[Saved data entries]

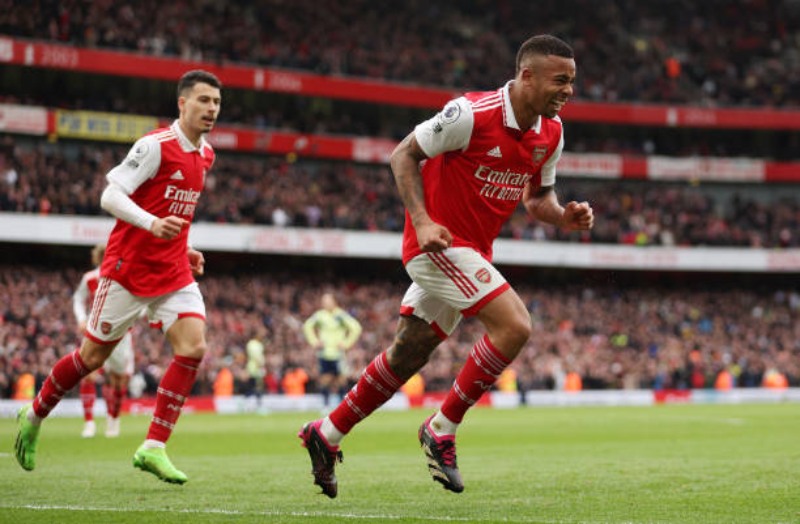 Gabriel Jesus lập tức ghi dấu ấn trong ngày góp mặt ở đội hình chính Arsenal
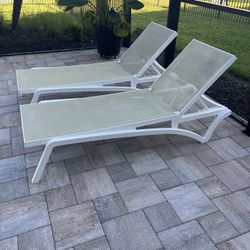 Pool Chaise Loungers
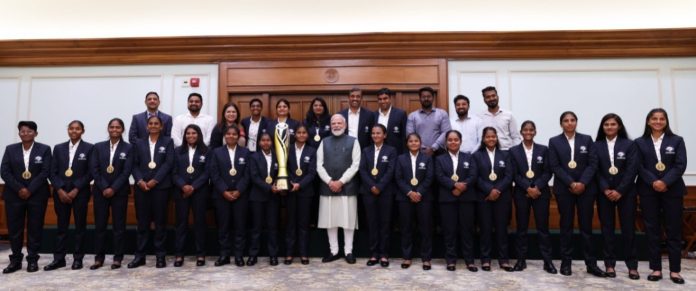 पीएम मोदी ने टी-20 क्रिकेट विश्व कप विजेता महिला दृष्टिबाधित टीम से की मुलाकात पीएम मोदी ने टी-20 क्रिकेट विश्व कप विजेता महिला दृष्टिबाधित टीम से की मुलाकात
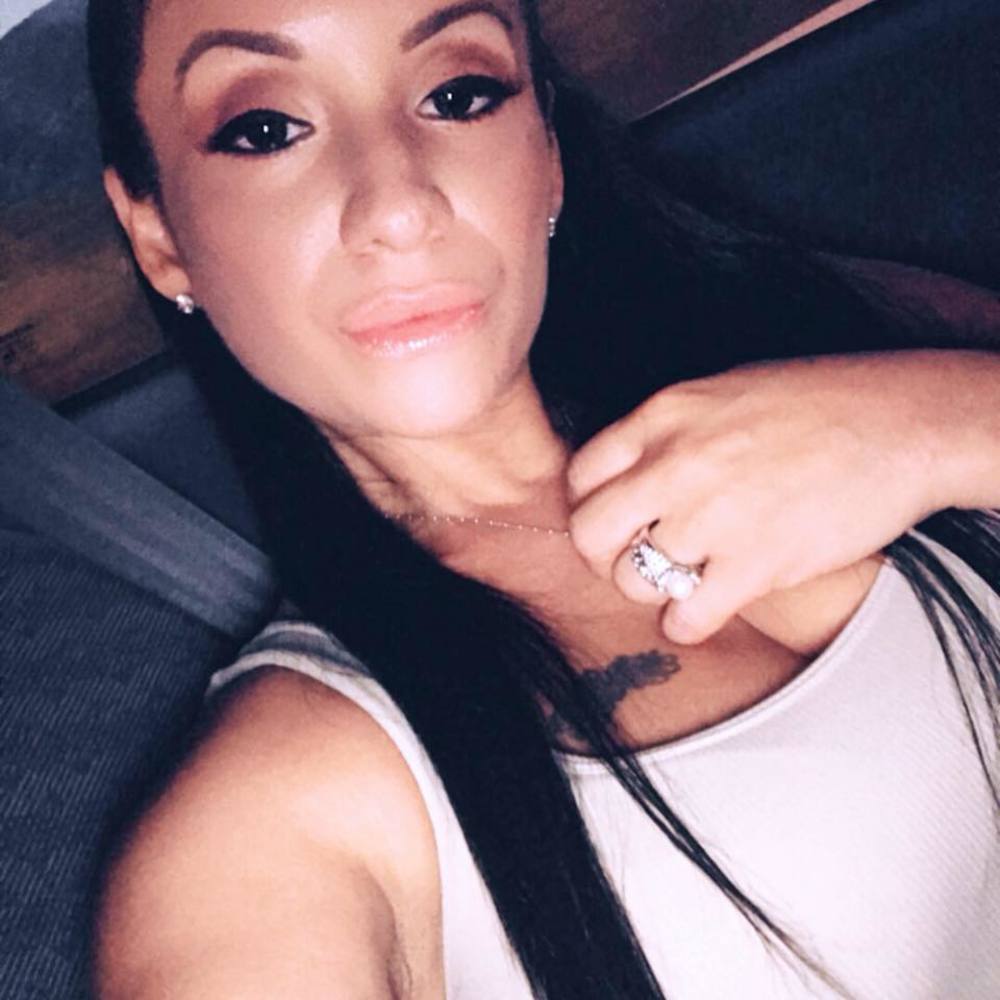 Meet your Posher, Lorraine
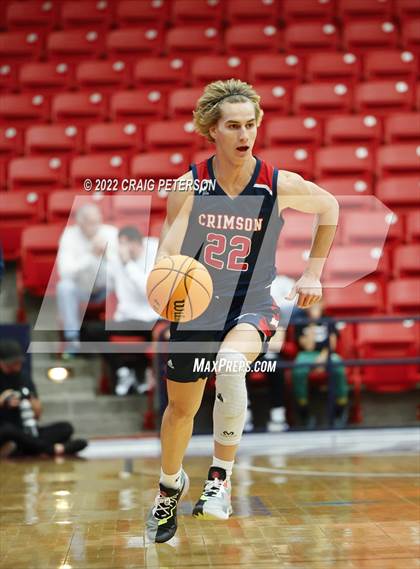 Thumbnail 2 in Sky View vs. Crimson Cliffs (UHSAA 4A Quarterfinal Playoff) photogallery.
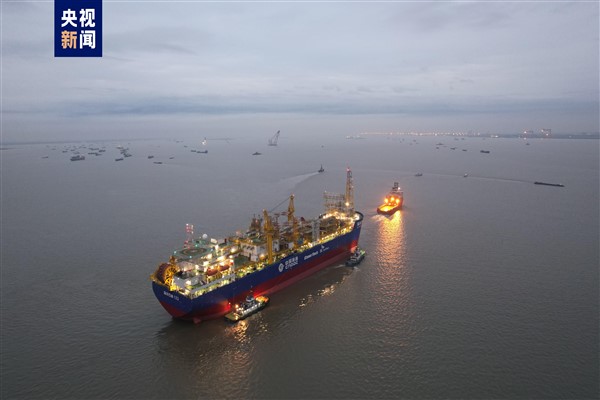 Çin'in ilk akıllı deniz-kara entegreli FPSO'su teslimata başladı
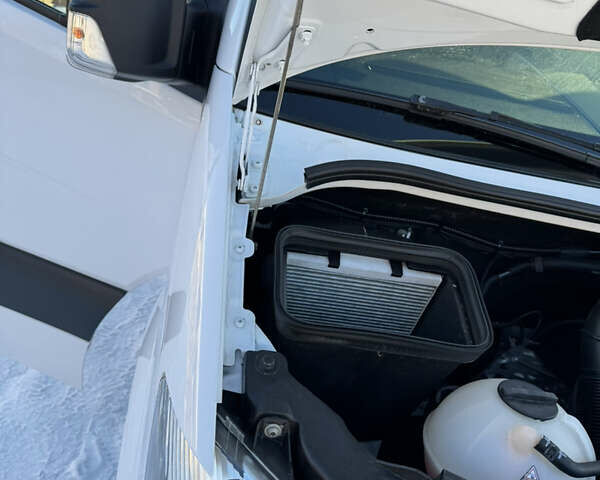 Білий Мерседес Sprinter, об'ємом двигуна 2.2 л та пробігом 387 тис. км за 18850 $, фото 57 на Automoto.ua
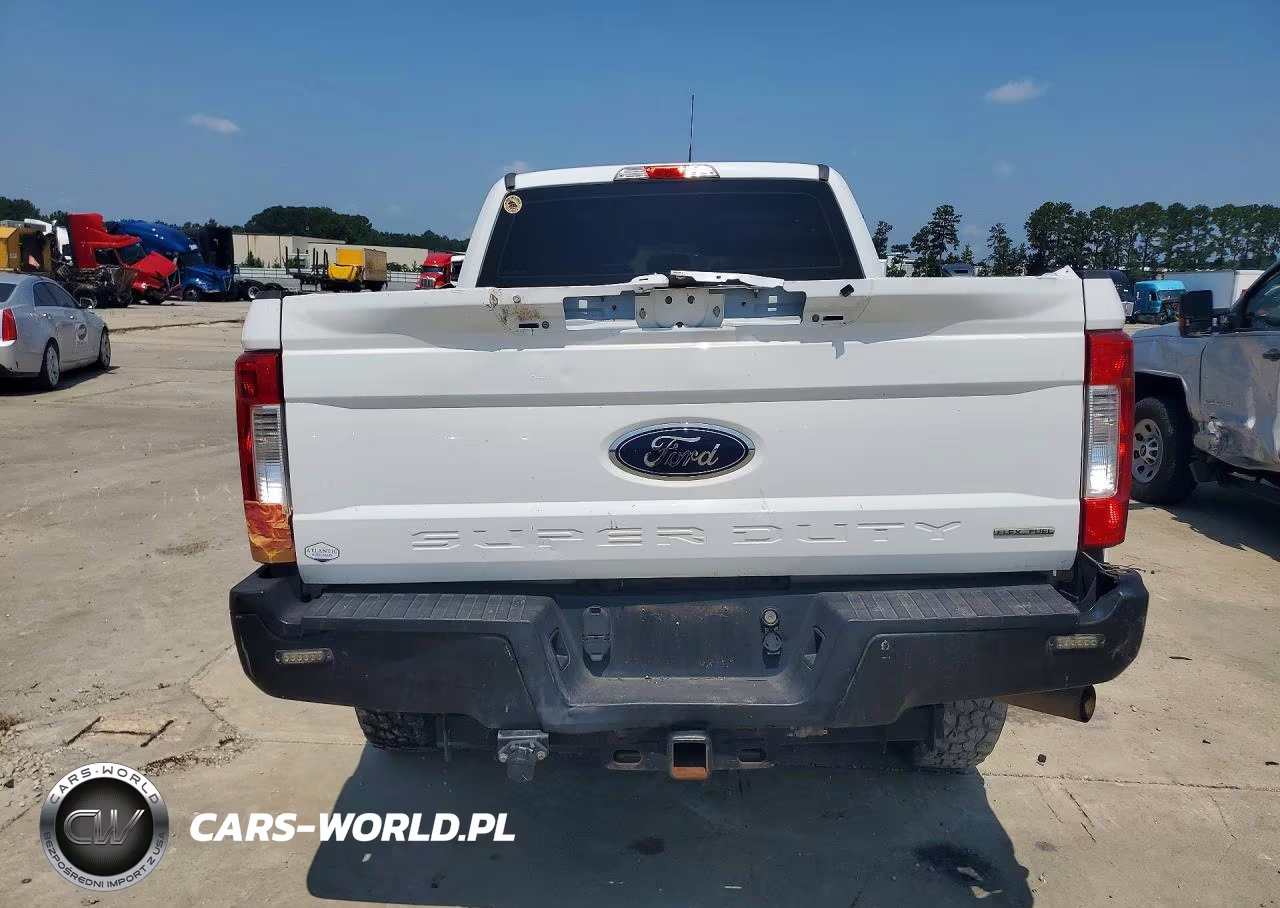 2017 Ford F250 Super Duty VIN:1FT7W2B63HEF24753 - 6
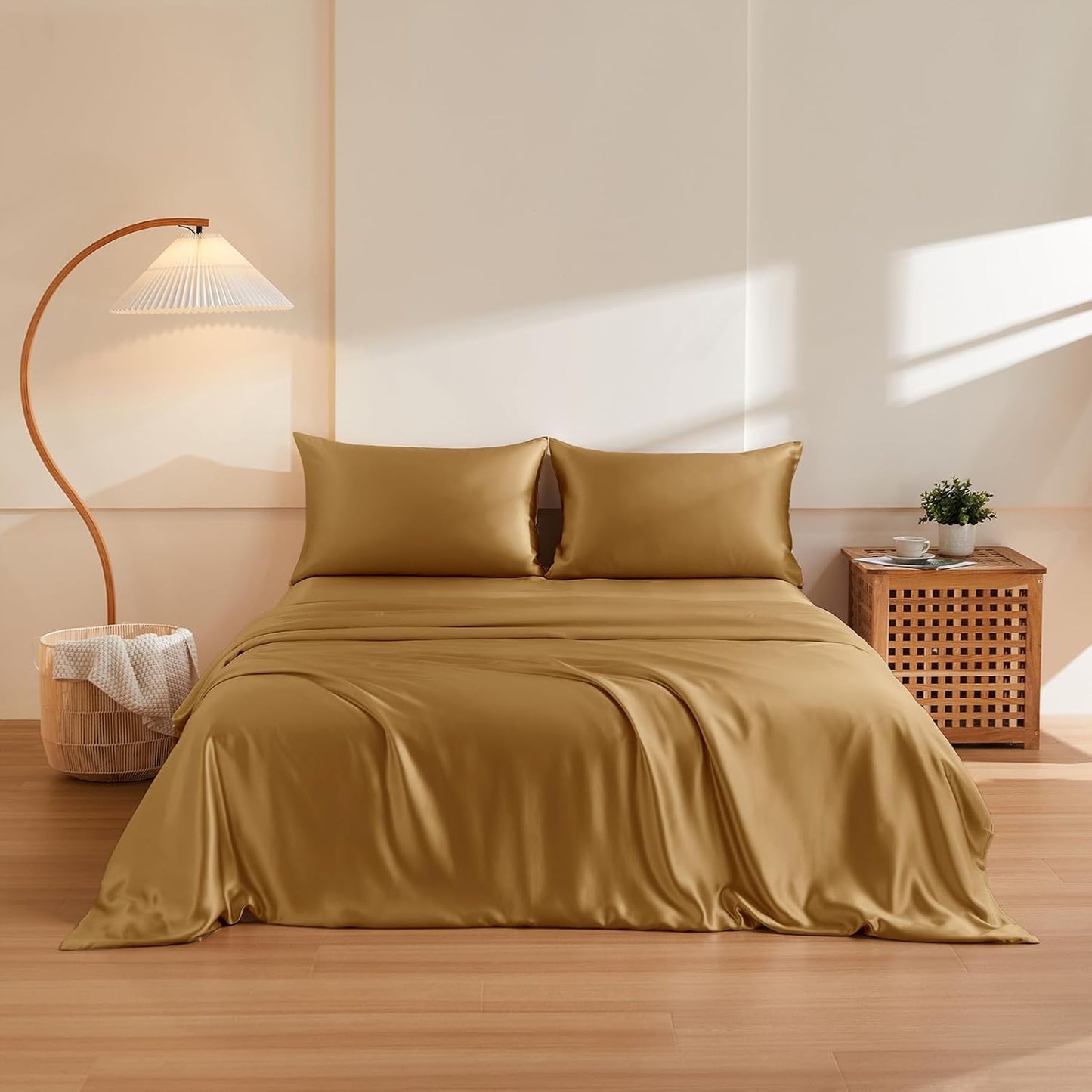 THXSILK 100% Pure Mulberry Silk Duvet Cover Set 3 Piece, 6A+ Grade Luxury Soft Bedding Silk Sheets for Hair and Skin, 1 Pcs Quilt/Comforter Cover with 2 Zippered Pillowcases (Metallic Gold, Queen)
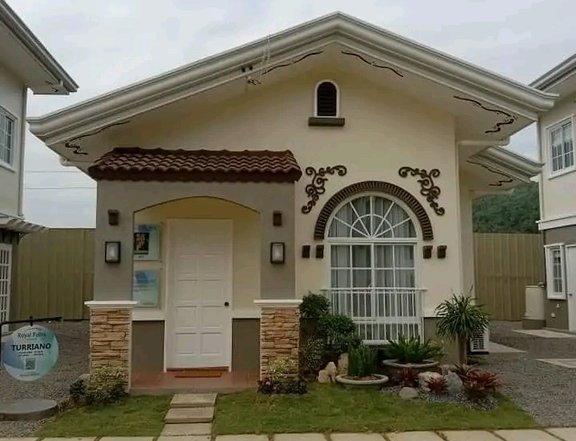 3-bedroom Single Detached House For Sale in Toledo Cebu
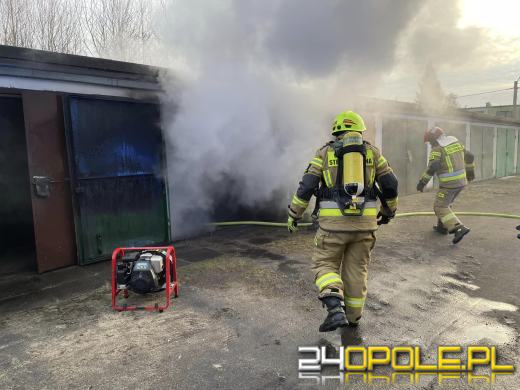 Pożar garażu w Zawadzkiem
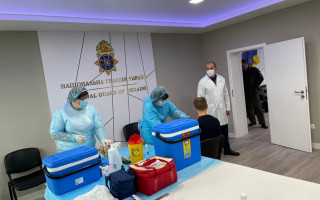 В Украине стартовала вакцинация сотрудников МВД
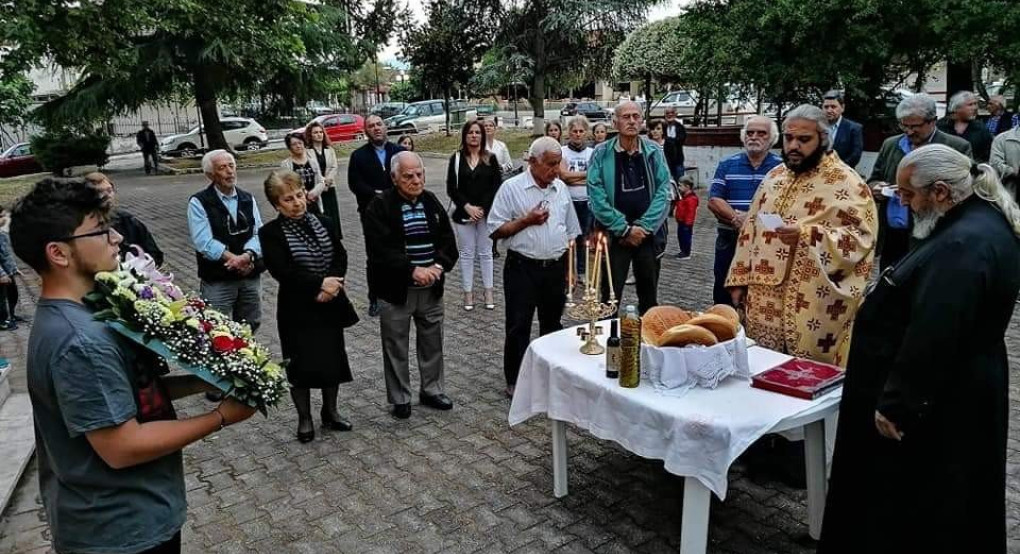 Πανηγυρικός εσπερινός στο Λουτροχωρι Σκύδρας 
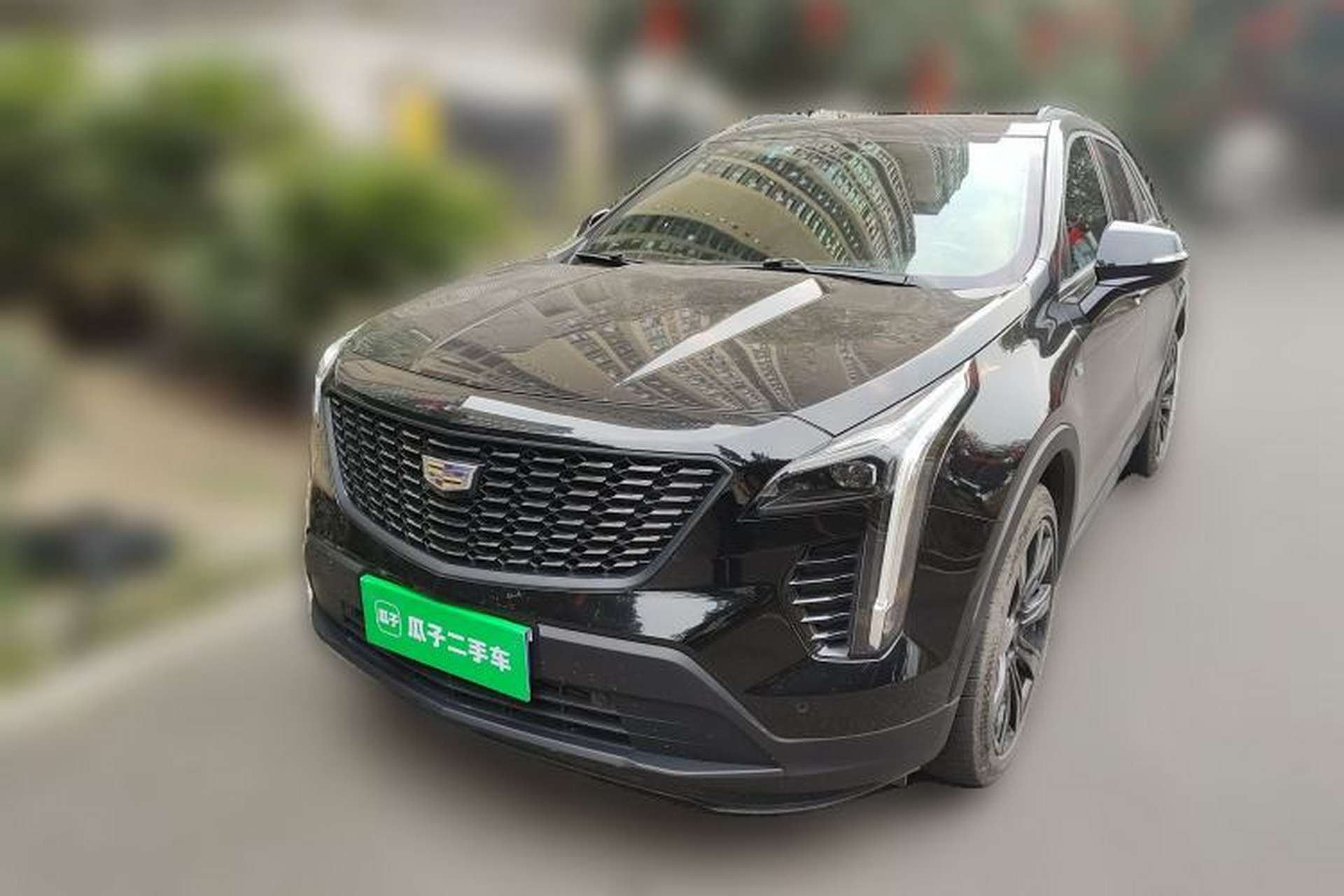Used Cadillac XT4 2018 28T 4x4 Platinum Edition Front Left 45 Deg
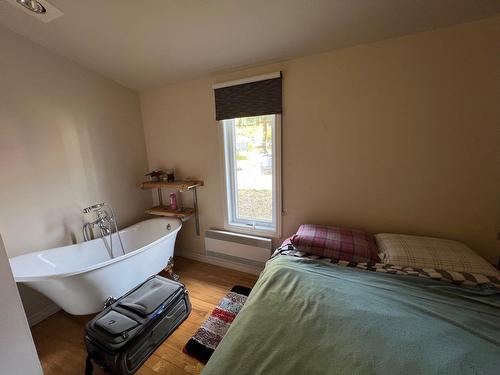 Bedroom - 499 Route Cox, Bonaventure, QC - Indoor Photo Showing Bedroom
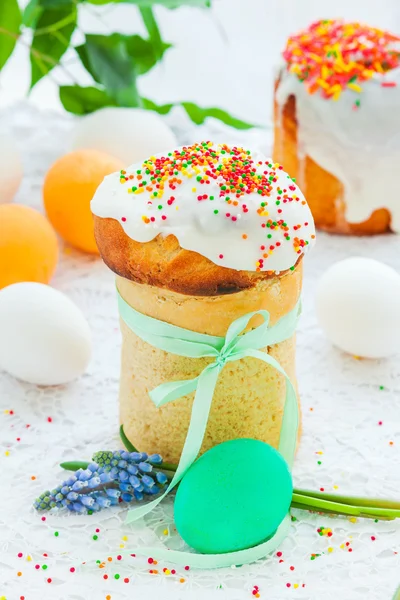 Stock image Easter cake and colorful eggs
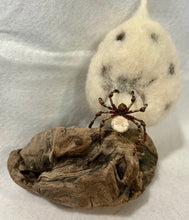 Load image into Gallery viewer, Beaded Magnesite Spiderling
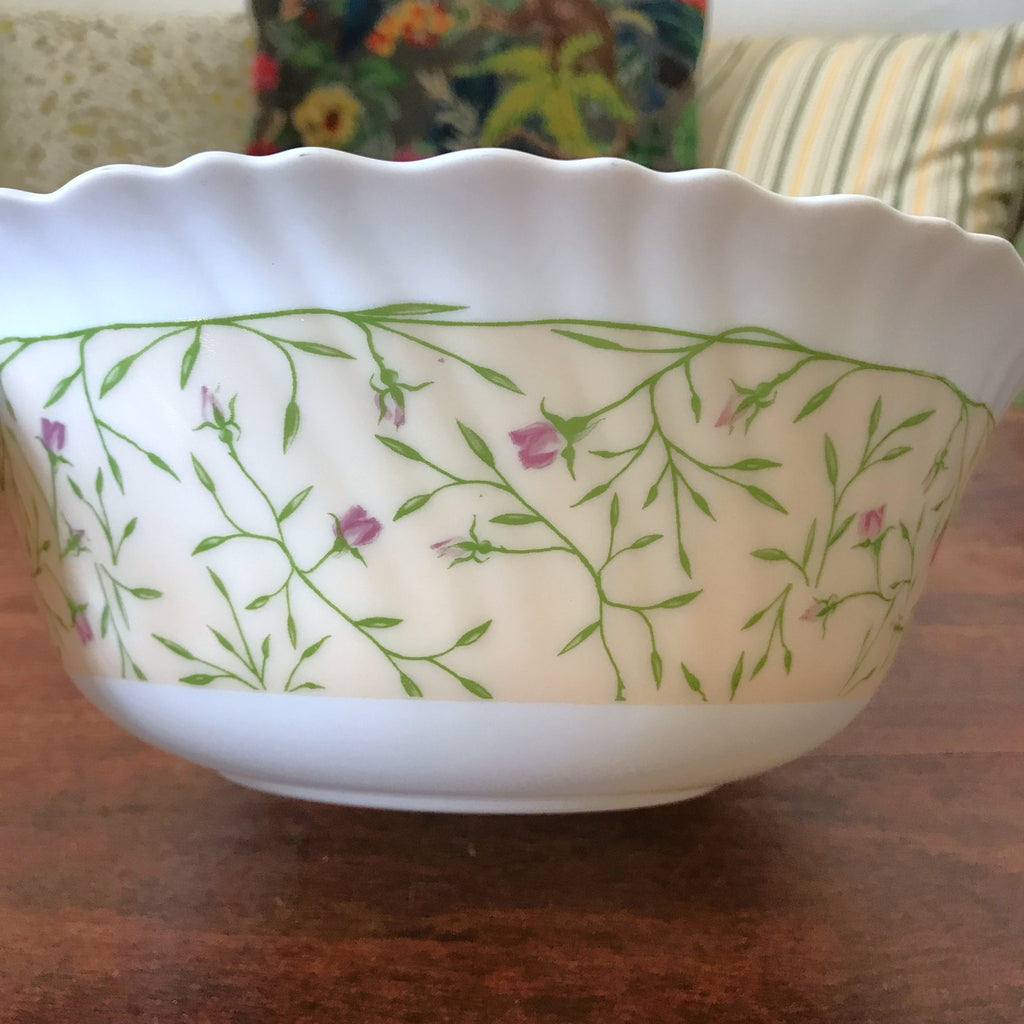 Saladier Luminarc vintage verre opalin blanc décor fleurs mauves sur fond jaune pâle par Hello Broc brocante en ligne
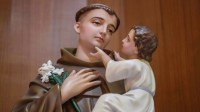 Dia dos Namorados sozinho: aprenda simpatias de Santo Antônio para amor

WHAT THE TASK REQUIRES: Leaving the pictures out, give again word for word each line from the one holding "Saladier Luminarc vintage" through the end of the records.

RESPONSE BOX:
 Saladier Luminarc vintage verre opalin blanc décor fleurs mauves sur fond jaune pâle par Hello Broc brocante en ligne
 Dia dos Namorados sozinho: aprenda simpatias de Santo Antônio para amor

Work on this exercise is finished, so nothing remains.